SWOSU engineering students to tackle Mars sand in NASA challenge
A team of Southwestern Oklahoma State University students will attempt to navigate a rover through dust-like Mars sand this weekend. Fortunately, the venture won’t take them to Mars, but to the Marshall Space Flight Center in Huntsville, Ala., to demonstrate their technology.
For the fourth consecutive year, the SWOSU Department of Engineering Technology is participating in the NASA Human Exploration Rover Challenge: Technology Challenge Award.
“Each year NASA has certain rules and restrictions that the students must follow,” said Cindi Albrightson, instructor in the SWOSU Department of Engineering Technology and team sponsor. “This year, the students must make a rover for the surface of Mars, which has sand like flour.”
To solve this problem, the SWOSU team is using a new approach, said Tiler Rose, one of the student engineers.
“For the past three years, we have constructed our vehicle to look pretty similar to the lunar rover you may have seen pictures of from the ’60s. That has served us extremely well, but we decided to try something new this year,” Rose said. “Since we are timed going over the obstacles on the course, we decided to experiment this year with a vehicle that is constructed more like a tandem bicycle, where the riders sit one in front of the other, rather than side-by-side, like the actual lunar rover.”
The machine
was entirely designed and engineered by students.
“Something I think is pretty cool about our rover is that, at least 90 percent has been made by our team in the lab. Also we have one of our wheels autographed by Thomas P. Stafford,” team member Hugo Chaparro said.
The team consists of 12 students from various parts of Oklahoma including Chandler Roof, Tiler Rose, Nick Rymer, Joseph Rymer, Jay Penner, Caleb Wichert, Alex Scarborough, Jacob Wall, Hugo Chaparro, Bryson Ridley, Tucker Sawatzky and Andrew Harrison.

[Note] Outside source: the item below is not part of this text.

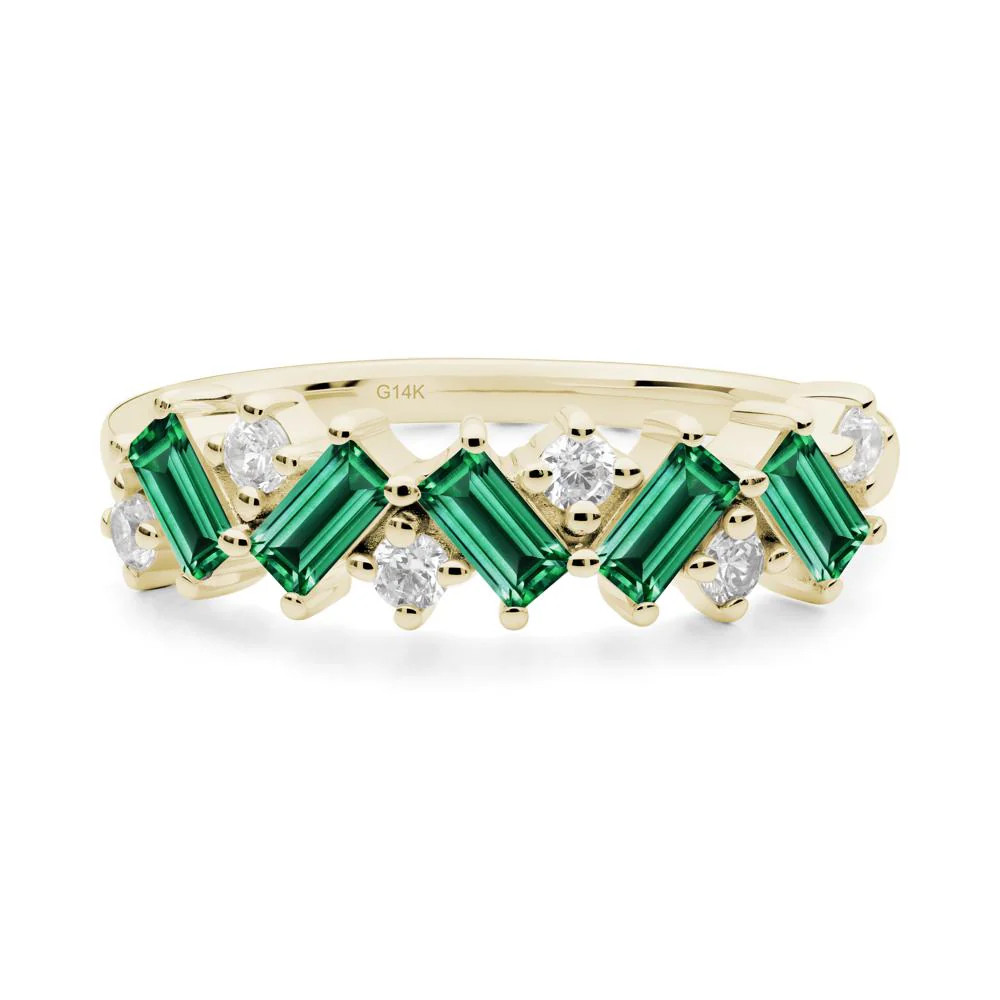 Minimalist Baguette Emerald Wedding Ring - Image 9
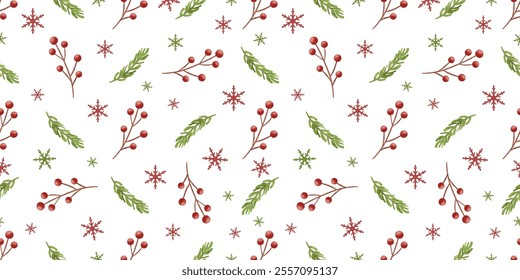 Joyful Winter and Christmas Seamless Pattern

In addition to the engineering and construction of the rover, the team also has to solve other issues such as how to deal with extraterrestrial surfaces — for future engineers more a challenge than a problem.
“Part of the difficulty of the competition has been the introduction of new types of obstacles on the course,” Rose said. “In recent years, simulated Martian surfaces have been added as well.”
The change was made with the future in mind.
“NASA is preparing for the Space Launch System missions that will hopefully be taking us to Mars in the 2030s,” Rose said. “If you look at pictures of Mars, you’ll see terrain almost as varied as what you’d find on Earth. This has made the design of the wheels especially difficult.”
While the students have a clear task at hand, the rover program fulfills a much broader function. It builds confidence in skills learned in the classroom and builds teams.
“During the course of the year I have learned how to put everything that I have learned throughout my three years in SWOSU into play. I have become very efficient at using the CNC machines. This is just like having a real fun job,” Chaparro said.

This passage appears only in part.